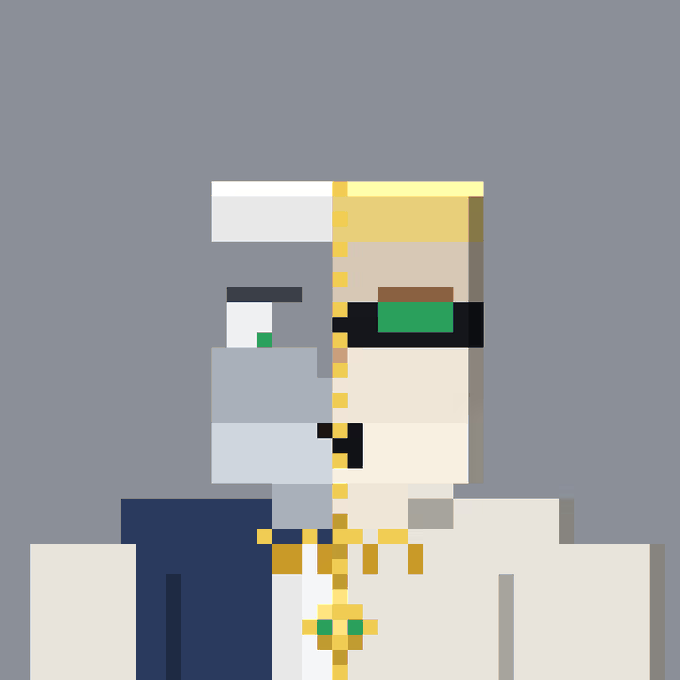 A pixel art portrait of a blonde character with green eyes wearing a white outfit and a gold chain with a cross, set against a solid gray background.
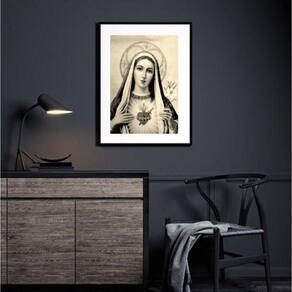 Quadro Sagrado Coração De Maria Preto E Branco - 60X48Cm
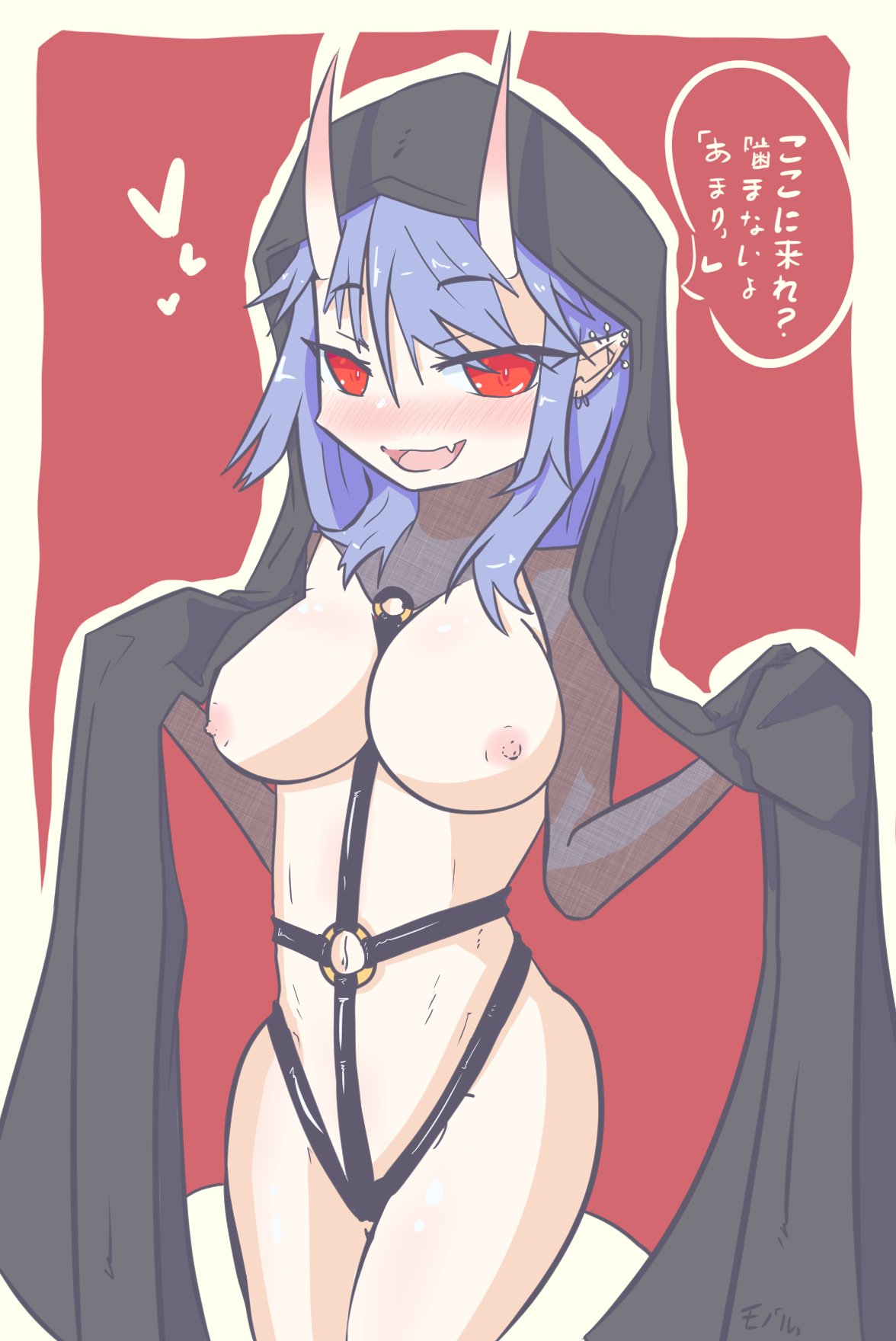 big_hair blue_hair blush blushing boobs breasts breasts_out breasts_outside flustered horns jacket jacket_open latex_suit long_hair medium_breasts mono_(twitter_artist) nipples no_bra ogre ogre_female ogre_girl pale-skinned_female pale_skin pink_nipples red_eyes text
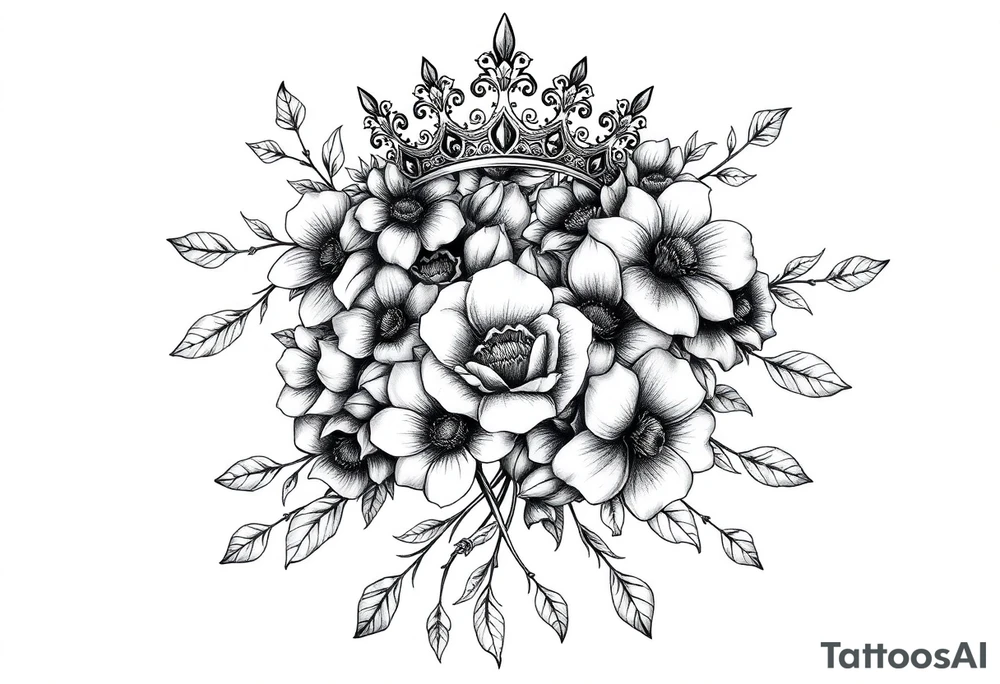detailed beautiful gothic boho flowerson vine with gorgeous crown ornamental tattoo idea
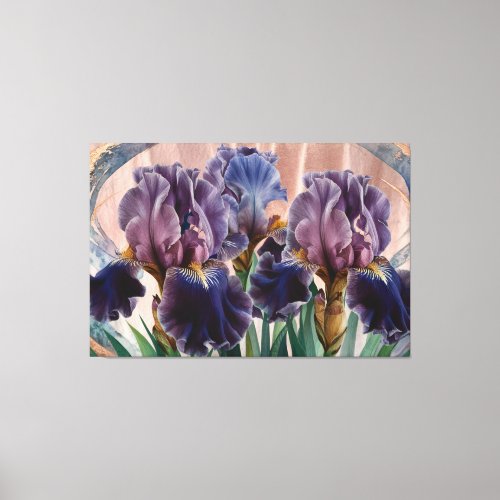  Plum Blue IRIS Irises Vintage Floral TV2 Canvas Print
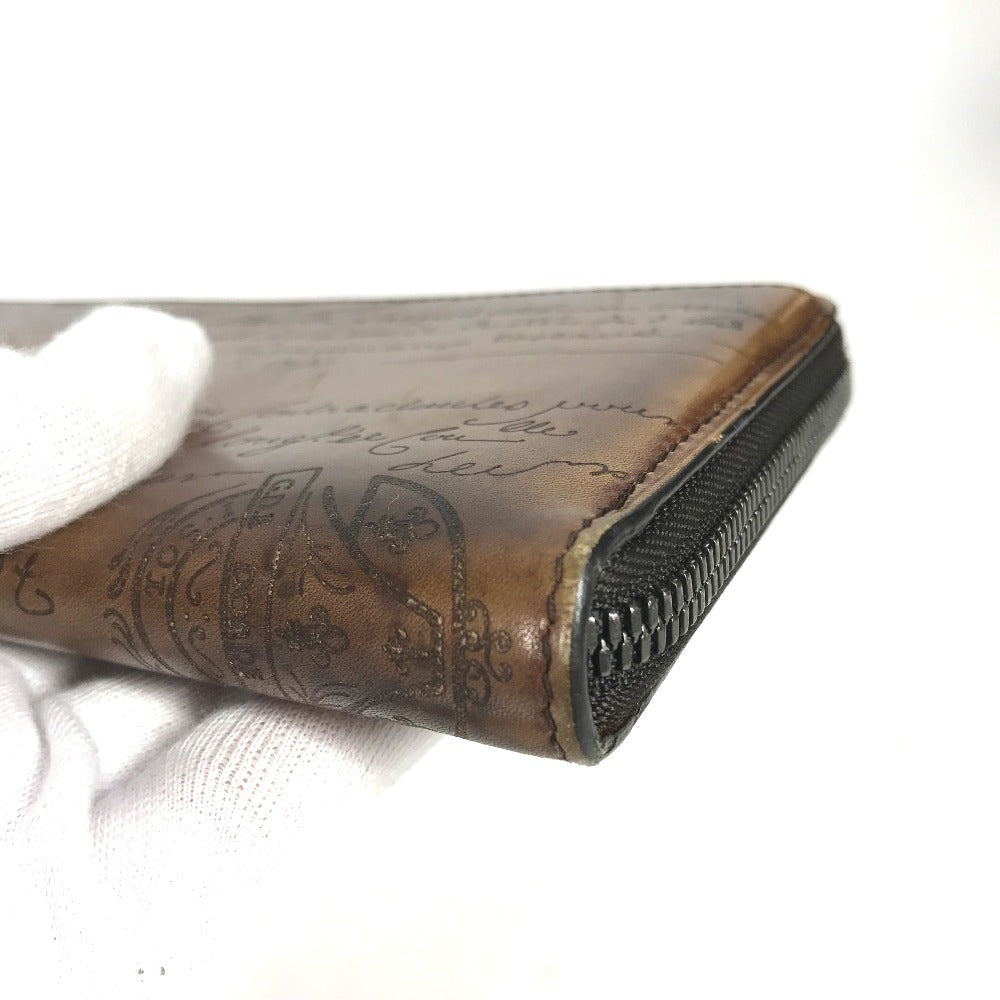 Berluti Long Wallet Purse leather Brown Long wallet Calligraphy logo mens Used Authentic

• Directions: Omit the pictures. Write out exactly the lines from the one containing "big_hair blue_hair blush" through the last line of the entries, both of them included.

• Output of the task:
 big_hair blue_hair blush blushing boobs breasts breasts_out breasts_outside flustered horns jacket jacket_open latex_suit long_hair medium_breasts mono_(twitter_artist) nipples no_bra ogre ogre_female ogre_girl pale-skinned_female pale_skin pink_nipples red_eyes text
detailed beautiful gothic boho flowerson vine with gorgeous crown ornamental tattoo idea
  Plum Blue IRIS Irises Vintage Floral TV2 Canvas Print
 Berluti Long Wallet Purse leather Brown Long wallet Calligraphy logo mens Used Authentic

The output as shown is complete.